Mills Music Library is the recipient of a 2004 grant from the Brittingham Foundation to process The Helene Stratman-Thomas Collection, one of the highlights of the Music Library’s special collections. In addition to Stratman-Thomas’s original recordings and recording equipment, the collection contains thirty-six boxes of field notes, documentation, photographs, and correspondence, as well as materials related to her activities as faculty member at the University of Wisconsin School of Music and her personal papers.

The project team -- co-directors Geri Laudati and Steve Sundell, SLIS students Nicole Saylor and Lisa Seawell, and D.M.A. candidate Matthew Bishop -- will complete an inventory of the collection and develop a website that includes an inventory of the collection; narrative on the performers, instruments, and cultures; and images of performers, performances, and important documents. 2 The site will be linked to the Wisconsin Folksong Database, which currently includes basic information about each performance. Sound files, texts and translations (where applicable), and melodic notations for each performance will be provided as part of the project. Also to be included is the development of an interactive map of Wisconsin that will permit users to retrieve materials collected by location. Finally, but of equal importance, materials from the collection will be assessed for preservation/conservation treatment and action taken as necessary. Ideally, the bulk of the work will be finished within the year.

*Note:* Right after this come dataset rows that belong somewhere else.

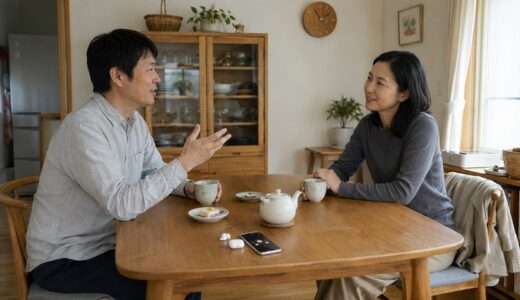 夫婦で同じ物語を聴いて、週末の感想会を楽しむ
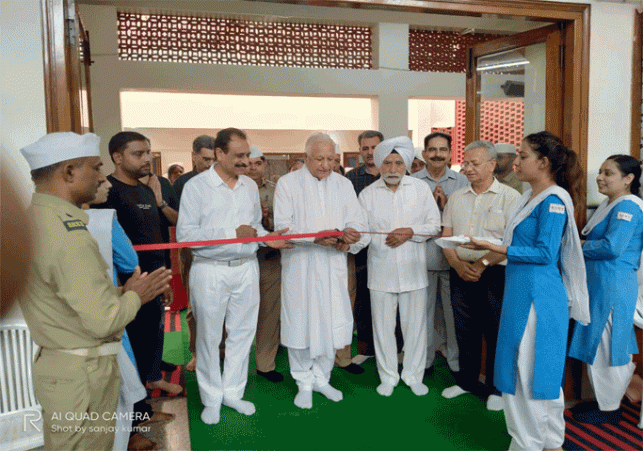 Nirankari devotees voluntarily donated 272 units of blood in Chandigarh
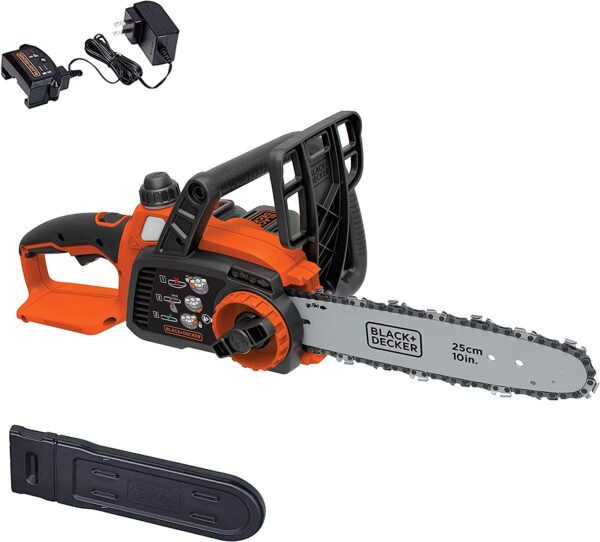 Cordless Chainsaw with 2 Battery 2 Chain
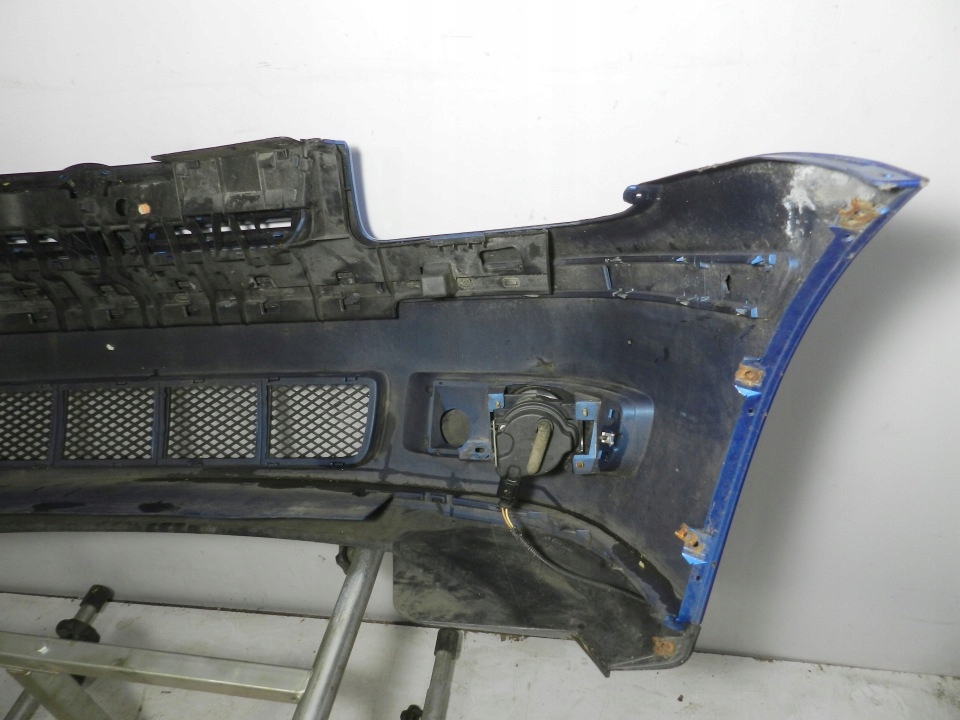 фото №12, Капот бампер перед kompletny усилитель vw polo iii lift 99-01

Although Helene Stratman-Thomas was “neither the first nor the most prolific collector of Wisconsin folk musical culture, she is the most significant.” 3 To date, her materials have provided content for at least two commercial recordings, countless radio broadcasts, and a book. The current project will permit contextual access to the wealth of materials she gathered and provide anthropologists, ethnomusicologists, folklorists, geographers, historians, and linguists yet another insight into the region’s peoples.

1 http://lcweb.loc.gov/spcoll/250.html

2 The site will be developed to complement the Library of Congress American Folklife Center’s online archival collection pages.

3 Leary, James P. The Wisconsin Patchwork : A Companion to the Radio Program based on the Field Recordings of Helene-Stratman Thomas. Madison , 1987.